**Information provided:**
+---+

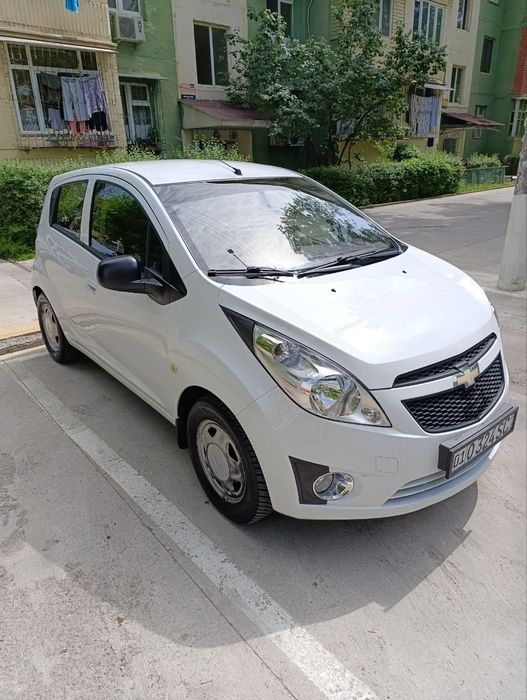 Chevrolet Spark 2015 год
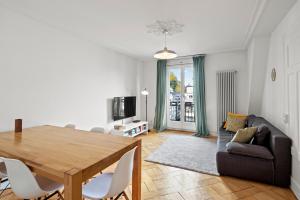 ルツェルンにあるCentral Bright & Cozy Apartmentsのリビングルーム(テーブル、ソファ付)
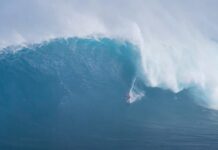 【怪物波】弱冠15歳のSteve RobertsonがKai Lennyをはじめとしたビッグウェイバーたちと共に20ftの巨大波が炸裂となったマウイのJAWSことピアヒにチャージ!! 11/24(金)ブラック・フライデー・セッション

+---+

**Prompt:** A faithful copy of the data is required: each word kept, each picture omitted.

**Result of the exercise:**
 Chevrolet Spark 2015 год
 ルツェルンにあるCentral Bright & Cozy Apartmentsのリビングルーム(テーブル、ソファ付)
 【怪物波】弱冠15歳のSteve RobertsonがKai Lennyをはじめとしたビッグウェイバーたちと共に20ftの巨大波が炸裂となったマウイのJAWSことピアヒにチャージ!! 11/24(金)ブラック・フライデー・セッション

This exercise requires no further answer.